*EXERCISE*. From the line that contains "this 626×626 image." to the final line of the entries below, write out every line exactly as it appears, and nothing else.

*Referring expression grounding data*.
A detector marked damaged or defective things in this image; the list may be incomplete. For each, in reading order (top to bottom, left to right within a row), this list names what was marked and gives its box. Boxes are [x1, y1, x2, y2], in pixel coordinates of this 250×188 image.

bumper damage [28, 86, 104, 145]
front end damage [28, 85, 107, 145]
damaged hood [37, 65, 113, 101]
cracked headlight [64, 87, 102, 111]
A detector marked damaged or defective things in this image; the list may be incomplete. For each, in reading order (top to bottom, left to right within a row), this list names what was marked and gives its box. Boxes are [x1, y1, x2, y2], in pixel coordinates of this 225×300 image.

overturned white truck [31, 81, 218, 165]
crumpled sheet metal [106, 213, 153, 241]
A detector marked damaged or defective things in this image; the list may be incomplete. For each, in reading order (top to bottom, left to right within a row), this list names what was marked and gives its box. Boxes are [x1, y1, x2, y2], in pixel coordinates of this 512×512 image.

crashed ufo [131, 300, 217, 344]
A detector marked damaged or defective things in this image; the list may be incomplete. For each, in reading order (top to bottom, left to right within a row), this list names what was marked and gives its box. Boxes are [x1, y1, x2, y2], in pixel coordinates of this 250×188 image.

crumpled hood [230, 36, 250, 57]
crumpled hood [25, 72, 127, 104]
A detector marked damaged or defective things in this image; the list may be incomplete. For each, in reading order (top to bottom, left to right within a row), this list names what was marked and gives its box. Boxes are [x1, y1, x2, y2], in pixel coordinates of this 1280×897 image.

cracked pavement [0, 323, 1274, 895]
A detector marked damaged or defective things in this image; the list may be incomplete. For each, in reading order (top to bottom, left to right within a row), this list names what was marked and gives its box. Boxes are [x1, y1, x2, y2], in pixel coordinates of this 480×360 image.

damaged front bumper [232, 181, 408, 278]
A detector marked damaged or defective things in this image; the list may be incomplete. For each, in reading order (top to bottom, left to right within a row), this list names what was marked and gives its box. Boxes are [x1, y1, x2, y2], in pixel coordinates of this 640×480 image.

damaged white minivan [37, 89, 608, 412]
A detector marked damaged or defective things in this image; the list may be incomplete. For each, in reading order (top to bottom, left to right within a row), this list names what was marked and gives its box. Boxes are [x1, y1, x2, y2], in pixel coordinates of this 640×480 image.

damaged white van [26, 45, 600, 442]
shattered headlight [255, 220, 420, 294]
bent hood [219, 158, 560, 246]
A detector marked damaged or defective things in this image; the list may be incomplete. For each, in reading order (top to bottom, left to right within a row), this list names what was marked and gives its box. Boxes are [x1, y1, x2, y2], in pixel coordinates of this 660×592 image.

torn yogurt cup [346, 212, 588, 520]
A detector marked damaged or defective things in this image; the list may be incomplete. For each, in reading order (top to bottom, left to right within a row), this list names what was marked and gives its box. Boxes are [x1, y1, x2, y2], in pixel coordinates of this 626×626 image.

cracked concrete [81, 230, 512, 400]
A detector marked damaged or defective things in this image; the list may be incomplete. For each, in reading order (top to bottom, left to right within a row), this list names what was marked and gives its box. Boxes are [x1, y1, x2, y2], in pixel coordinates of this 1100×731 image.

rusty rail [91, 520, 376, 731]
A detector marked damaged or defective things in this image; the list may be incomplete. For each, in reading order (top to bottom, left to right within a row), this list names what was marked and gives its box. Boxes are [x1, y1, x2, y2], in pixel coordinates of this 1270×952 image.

*OUTPUT FOR THIS TASK*.
A detector marked damaged or defective things in this image; the list may be incomplete. For each, in reading order (top to bottom, left to right within a row), this list names what was marked and gives its box. Boxes are [x1, y1, x2, y2], in pixel coordinates of this 626×626 image.

cracked concrete [81, 230, 512, 400]
A detector marked damaged or defective things in this image; the list may be incomplete. For each, in reading order (top to bottom, left to right within a row), this list names what was marked and gives its box. Boxes are [x1, y1, x2, y2], in pixel coordinates of this 1100×731 image.

rusty rail [91, 520, 376, 731]
A detector marked damaged or defective things in this image; the list may be incomplete. For each, in reading order (top to bottom, left to right within a row), this list names what was marked and gives its box. Boxes are [x1, y1, x2, y2], in pixel coordinates of this 1270×952 image.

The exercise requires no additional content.